=== Supplied information ===

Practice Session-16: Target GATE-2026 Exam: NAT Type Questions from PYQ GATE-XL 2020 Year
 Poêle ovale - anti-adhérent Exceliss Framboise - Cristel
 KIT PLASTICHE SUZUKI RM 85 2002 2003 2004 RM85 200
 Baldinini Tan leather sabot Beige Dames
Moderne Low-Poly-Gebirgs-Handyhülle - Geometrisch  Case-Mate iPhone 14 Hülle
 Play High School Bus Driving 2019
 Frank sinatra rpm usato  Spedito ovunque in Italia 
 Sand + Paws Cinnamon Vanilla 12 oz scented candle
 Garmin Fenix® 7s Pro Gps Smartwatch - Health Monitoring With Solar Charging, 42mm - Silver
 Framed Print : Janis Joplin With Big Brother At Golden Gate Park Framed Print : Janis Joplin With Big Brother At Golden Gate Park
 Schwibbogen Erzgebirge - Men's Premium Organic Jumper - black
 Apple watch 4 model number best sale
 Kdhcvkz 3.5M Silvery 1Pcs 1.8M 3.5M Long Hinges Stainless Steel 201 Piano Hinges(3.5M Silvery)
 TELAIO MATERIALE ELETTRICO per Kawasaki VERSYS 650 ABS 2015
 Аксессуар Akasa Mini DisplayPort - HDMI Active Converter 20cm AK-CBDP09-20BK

===

Exercise prompt:
The full set of entries, copied exactly, is the expected answer.

Result of this exercise:
Practice Session-16: Target GATE-2026 Exam: NAT Type Questions from PYQ GATE-XL 2020 Year
 Poêle ovale - anti-adhérent Exceliss Framboise - Cristel
 KIT PLASTICHE SUZUKI RM 85 2002 2003 2004 RM85 200
 Baldinini Tan leather sabot Beige Dames
Moderne Low-Poly-Gebirgs-Handyhülle - Geometrisch  Case-Mate iPhone 14 Hülle
 Play High School Bus Driving 2019
 Frank sinatra rpm usato  Spedito ovunque in Italia 
 Sand + Paws Cinnamon Vanilla 12 oz scented candle
 Garmin Fenix® 7s Pro Gps Smartwatch - Health Monitoring With Solar Charging, 42mm - Silver
 Framed Print : Janis Joplin With Big Brother At Golden Gate Park Framed Print : Janis Joplin With Big Brother At Golden Gate Park
 Schwibbogen Erzgebirge - Men's Premium Organic Jumper - black
 Apple watch 4 model number best sale
 Kdhcvkz 3.5M Silvery 1Pcs 1.8M 3.5M Long Hinges Stainless Steel 201 Piano Hinges(3.5M Silvery)
 TELAIO MATERIALE ELETTRICO per Kawasaki VERSYS 650 ABS 2015
 Аксессуар Akasa Mini DisplayPort - HDMI Active Converter 20cm AK-CBDP09-20BK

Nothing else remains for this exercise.